Friday, January 23, 2009

SQL Tuning & Troubleshooting

Recently, an interesting performance issue cropped up at one of my clients' site. I thought I will share the issue, troubleshooting, and the takeaways with you.

It was stated that a job that used to run exceptionally well was taking a long time. Especially, considering the fact that it is a simple "DELETE" statement. The interesting part was that the "Commit" issued after the "DELETE" took a long time.

Below is a screenshot.

08:35:30 SQL> DELETE FROM apc.prep
08:35:38 2 WHERE event_id = '122608T09' AND lead_or_assoc = 'A';
0 rows deleted.
Elapsed: 00:00:00.03
08:35:40 SQL> commit;
Commit complete.
Elapsed: 00:00:32.89

That is 32 seconds for a commit of essentially "0" rows! Something was up.

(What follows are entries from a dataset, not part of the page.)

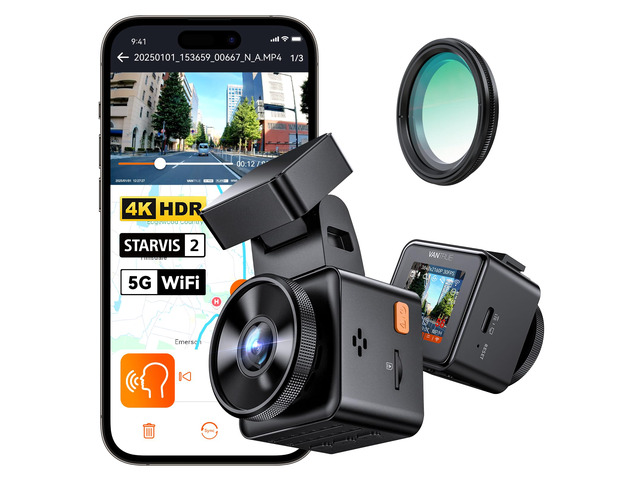 E1 Pro 4K Mini Dash Cam Front, STARVIS 2 PlatePix HDR Night Vision Car Camera, Built-in 5G WiFi GPS, 1.54'' IPS Screen, Voice Control, 24/7...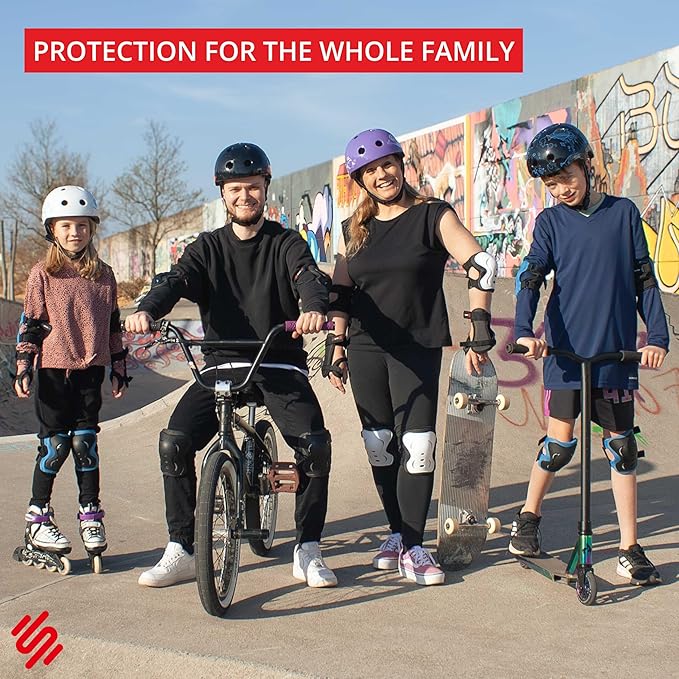 SKATEWIZ Skating Protective Gear Adults & Kids [6pc] incl. Knee Pads, Elbow Pads Wrist Guards for Roller Skating & Skateboarding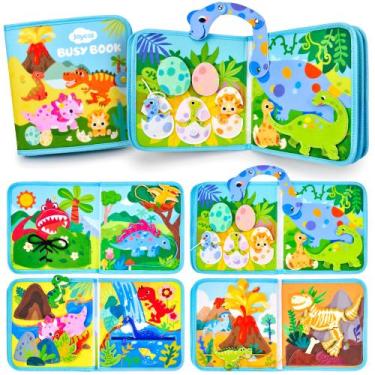 Imagem de Dinossauro infantil Busy Book JoyCat com 15 atividades de 2 a 5 anos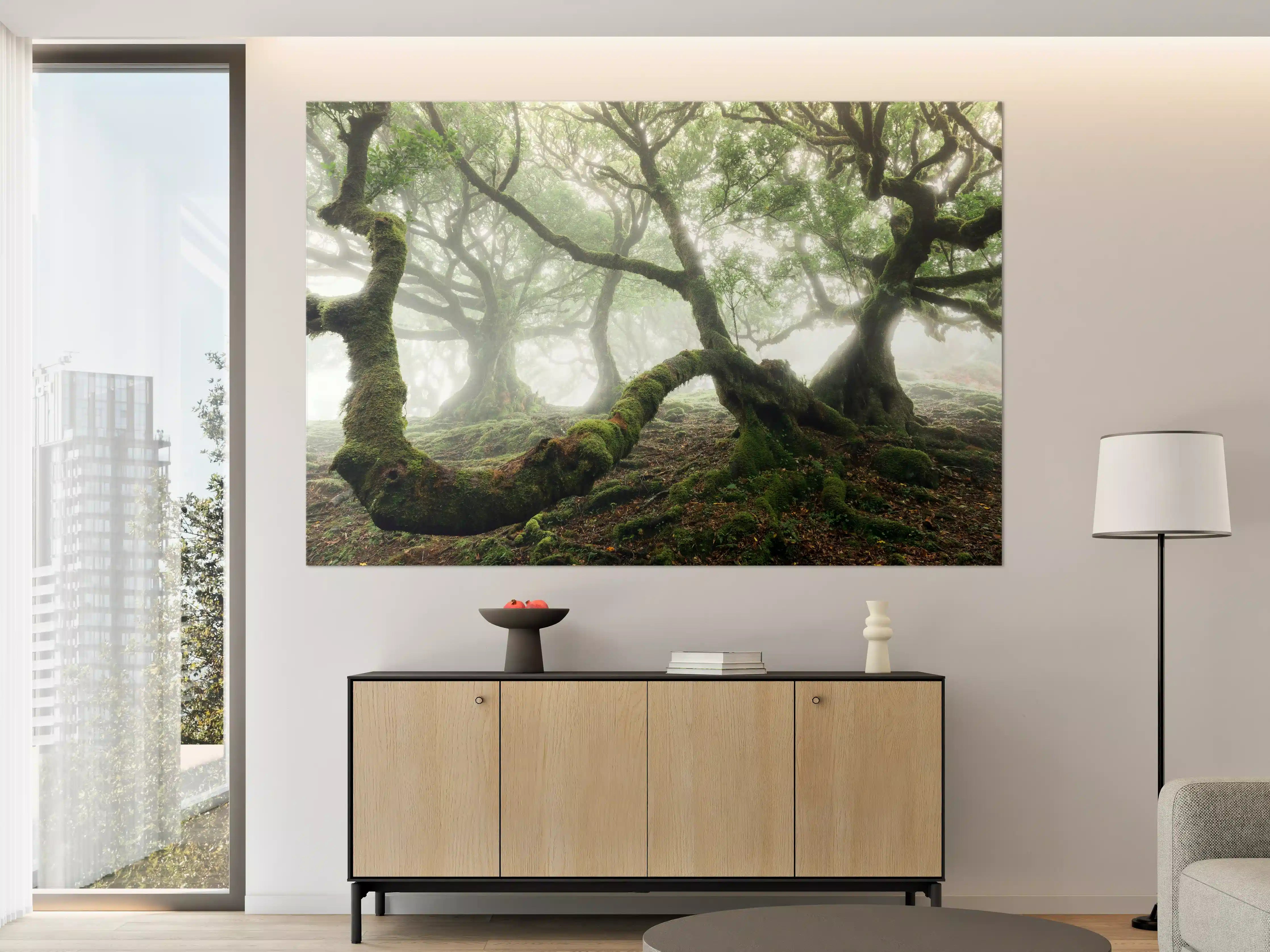 Große Wandbilder - Nebeliger, mystischer Wald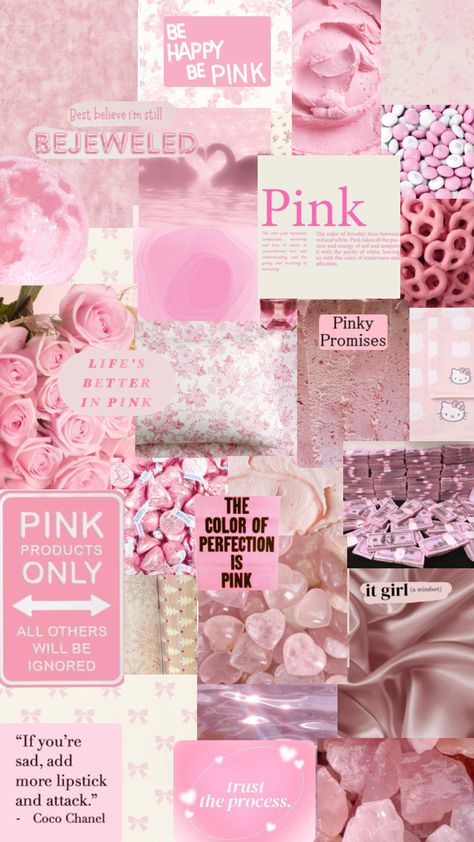 (Light) pink - love yourself. Light Pink Vision Board, Light Pink Collage, Light Pink Aesthetic, Wallpaper Rosa, Nana Jacqueline, Sparkle Wallpaper, Vision Board Wallpaper, Pink Wallpaper Girly, Pink Life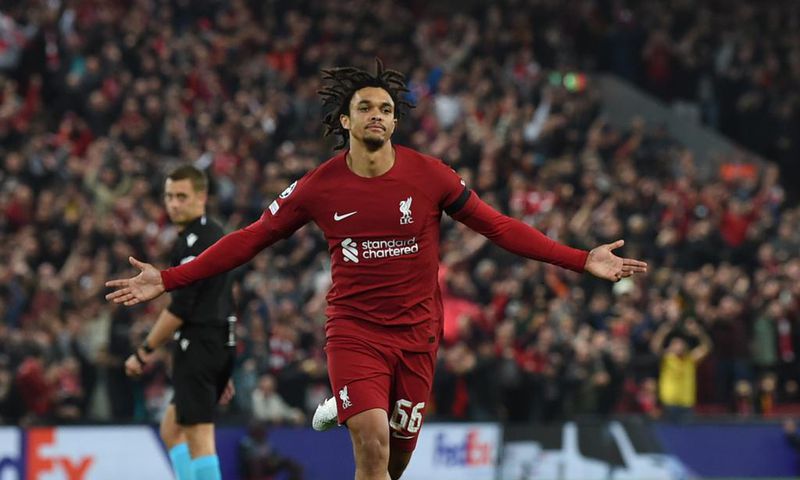 Trent Alexander Arnold opened the scoring in the first half for Liverpool against Rangers in the UCL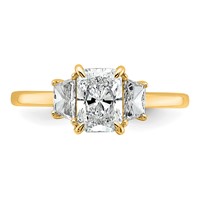14K Yellow Gold 1.38 Carat Certified Lab Grown Diamond VS+ F+ Radiant and Trapezoid Complete Three Stone Engagement Ring view 4
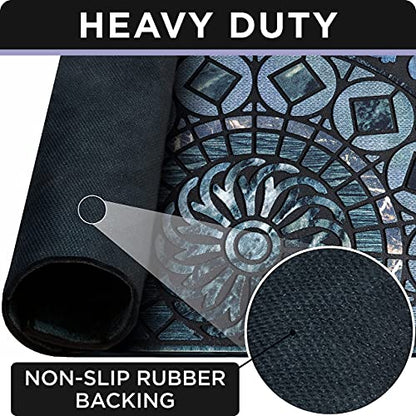 ubdyo Warm & Stylish Front Door Mat - Doormat Entrance - Blue, 23" x 36" - color: XL Blue Round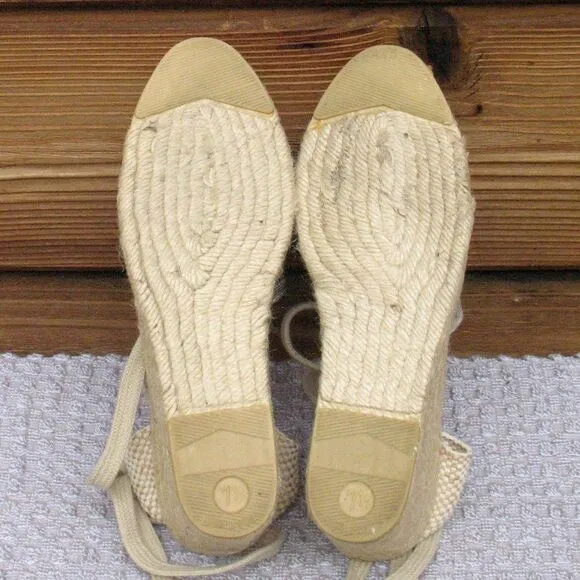 Vintage 90's Wedge Ankle Wrap Espadrille Wedges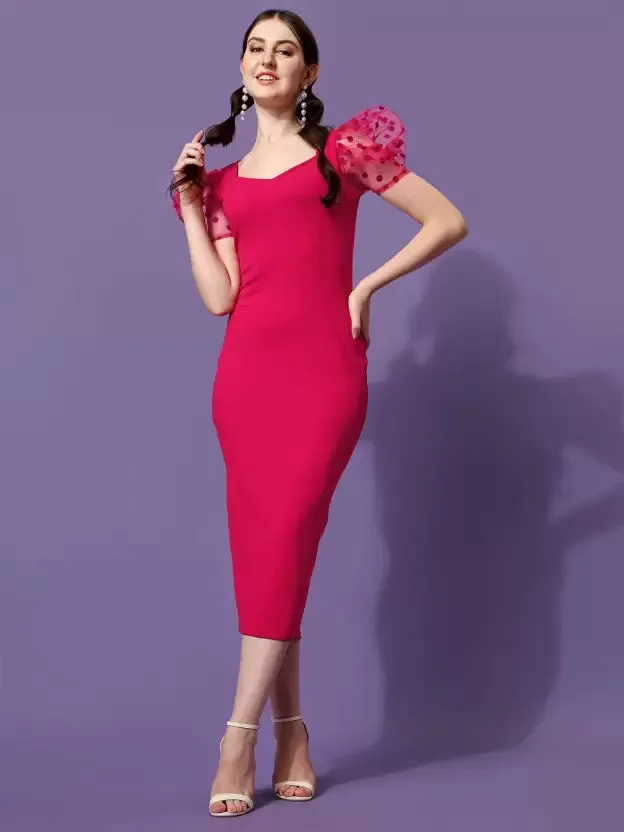 Elegant Sweetheart Sheath Midi Dress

Tanel Poder discussed a while ago, about the discipline of methodical common sense tuning and troubleshooting. He even had a nice presentation on this topic. This is one of the classic examples.

Instead of looking into, I/O issues, redo logs, log file sync issues etc. I decided to try a simple "delete/commit" on a sample table. It worked just fine. So I decided that something in this "candidate" object was the root cause.

By looking to see if there were any triggers on the object, I did find one. Great. Perhaps this is the problem for the slowdown. Upon looking at the code for the trigger...

CREATE OR REPLACE TRIGGER APC.prep_sheet_audit
BEFORE INSERT OR UPDATE
ON apc.prep
FOR EACH ROW
BEGIN
IF INSERTING
THEN
:NEW.added_by := SUBSTR (USER, 1, 10);
:NEW.date_added := SYSDATE;
:NEW.date_last_modified := SYSDATE;
:NEW.last_modified_by := SUBSTR (USER, 1, 10);
:NEW.status_flag := 'A';
END IF;
END;

Tt only applies to "INSERTS" and we are doing a delete. So I decided to take a 10046 trace to see what was happening.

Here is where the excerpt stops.